UPDATE 2-Equatorial Guinea signs Gazprom deals

* Oil producer signs two deals with Gazprom arm

* Awarded planned refinery project design to KBR

* Prefers a second LNG plant to another methonal plant (Adds details about KBR)

CAPE TOWN, Sept 28 (Reuters) - Equatorial Guinea has signed five oil concession deals, including two with Russia's Gazprom Neft SIBN.MM, a senior government official said on Tuesday.

The sub-Saharan nation, one of Africa's largest oil producers, has also picked U.S. firm KBR Inc KBR.NR to design a planned 20,000 barrel per day refinery, Gabriel Obiang Lima, minister delegate for mines, industry and energy said.

“We have signed five new (deals)...including two signed and ratified with Gazprom Neft,” he told delegates at an energy conference in Cape Town.

In June sources told Reuters that Gazprom Neft, the oil arm of Russian gas giant Gazprom GAZP.MM, planned to sign a production-sharing agreement with the African nation for two oil offshore blocks. [ID:nLDE65N1HL]

It has also signed a deal with privately held Glencore [GLEN.UL], the Swiss-based trading and mining giant, Obiang Lima said.

Equatorial Guinea expects oil production to jump by more than 100,000 barrels per day within two years as new offshore developments become ready. [ID:nLDE67D05D]

The nation has chosen KBR to design a planned oil refinery, which is likely to cost less than the 300 million euros ($404 million) originally estimated, Obiang Liam told reporters on the sidelines of the conference.
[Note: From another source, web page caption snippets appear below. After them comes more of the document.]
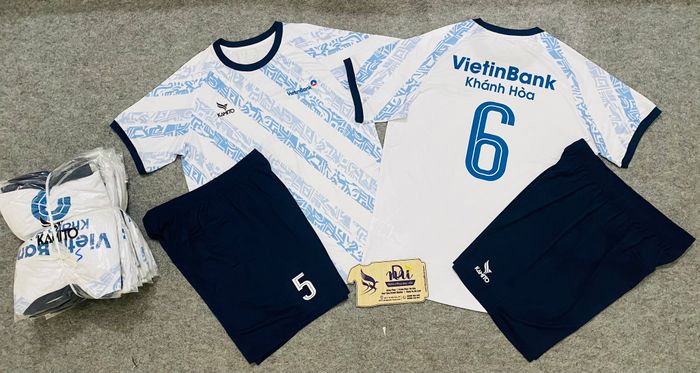 Bộ sưu tập trang phục bóng đá đa dạng tại NDƯ Sports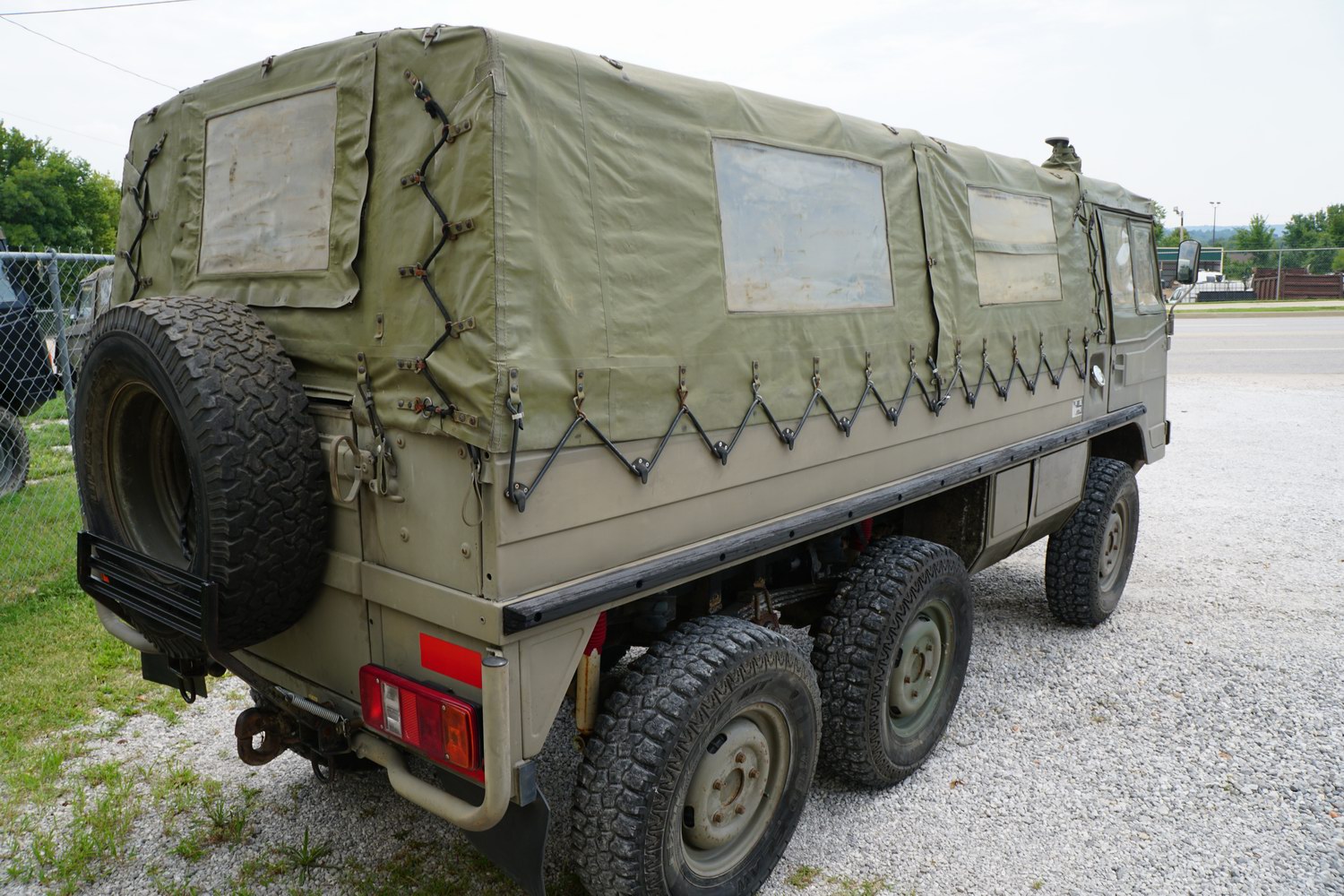 Original Österreichisches Militär 712M Truppentransporter in g ...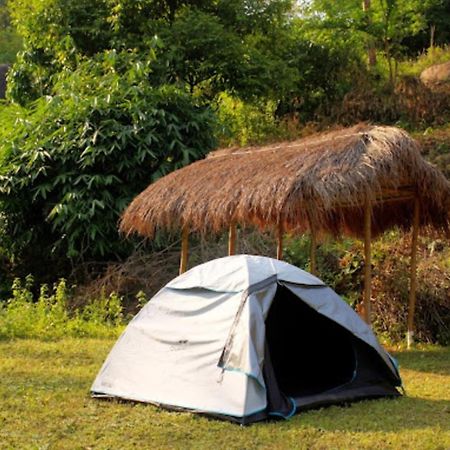 גווהטי Brahmaputra Jungle Resort מראה חיצוני תמונה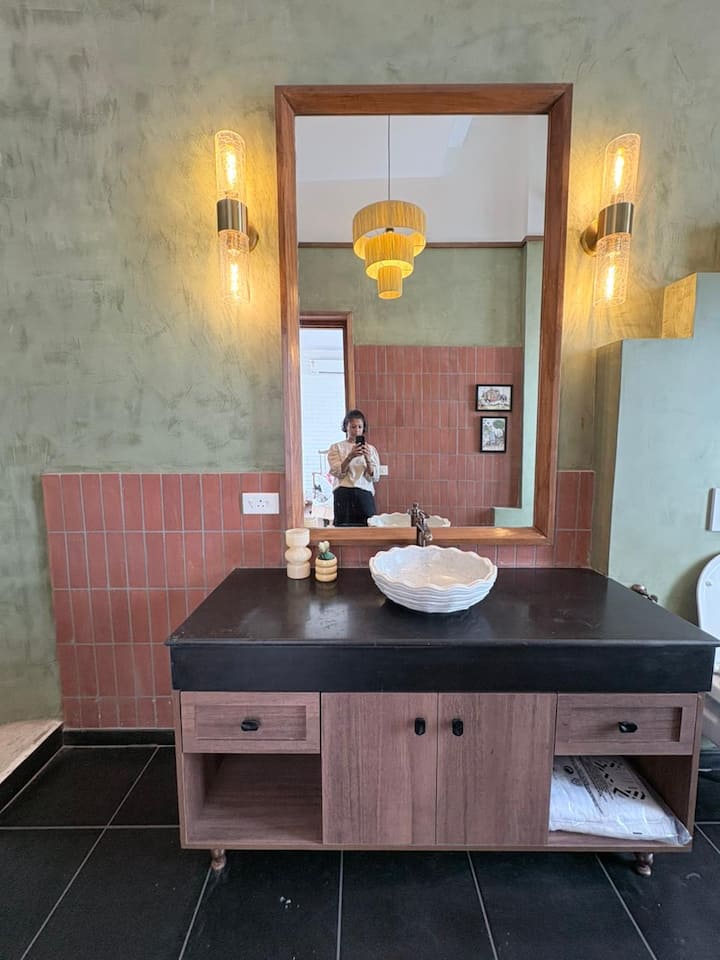 Full bathroom 1 image 1
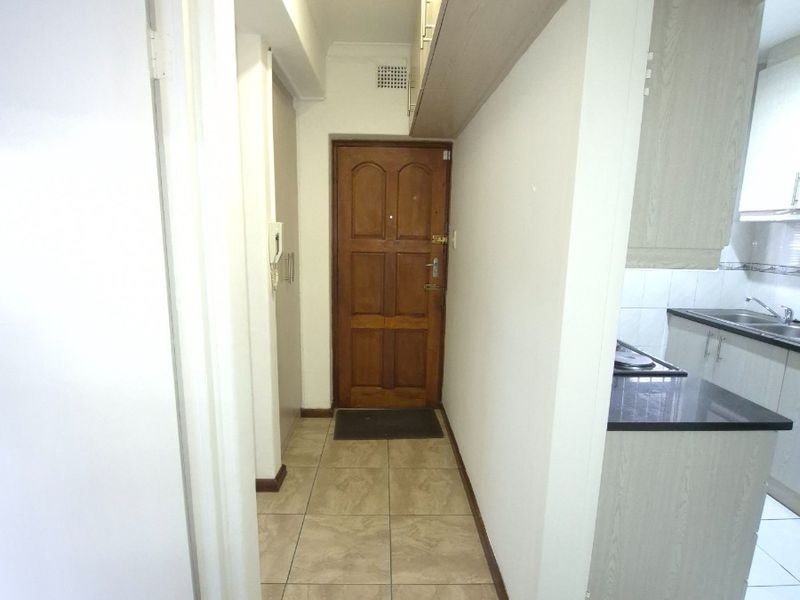 Apartment to rent in Rosebank, Cape Town - Photo 7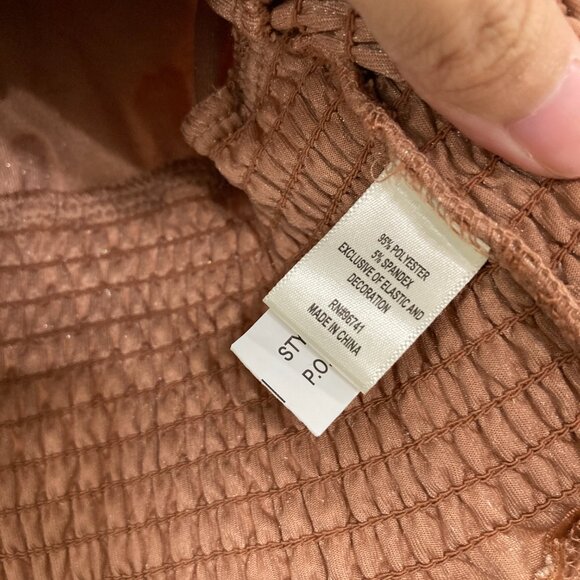 New Selfie size XL Surplice Smocked Balloon-sleeve Velvet Top In Macchiato - Picture 9 of 11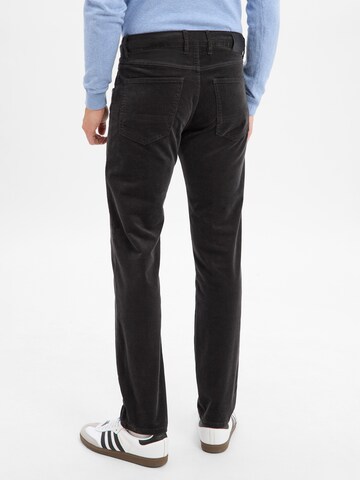 bugatti Hose 'Aturo' in Grau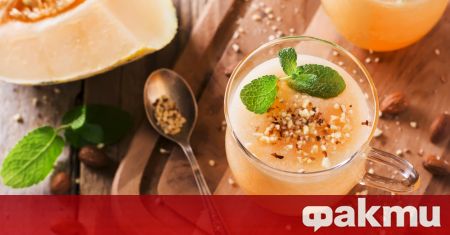 Необходими продукти 1 пъпеш кръгъл и зрял 50 мл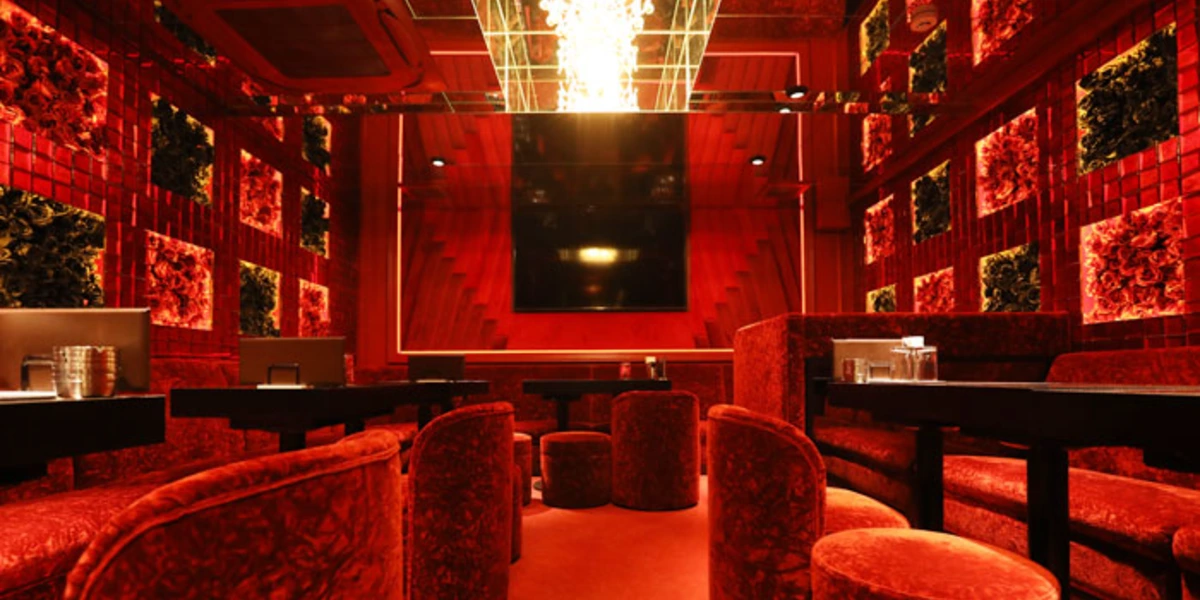 HANG OVER -ALBA-（歌舞伎町・Goo group）店舗写真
He said the refinery at Mbini, on the central African country’s Atlantic coast, was expected to come on stream by the end of 2012 or beginning 2013.

Obiang Lima said the government decided it would not continue developing a second methanol plant, but would rather construct a second liquid natural gas (LNG) plant, which he said was likely to cost around $800 million.

Equatorial Guinea in May forecast a three-fold increase in its gas reserves to 4.5 trillion cubic feet as it ramped up investment in its gas sector. [ID:nLDE64C0K2] (Reporting by Wendell Roelf; Editing by David Dolan)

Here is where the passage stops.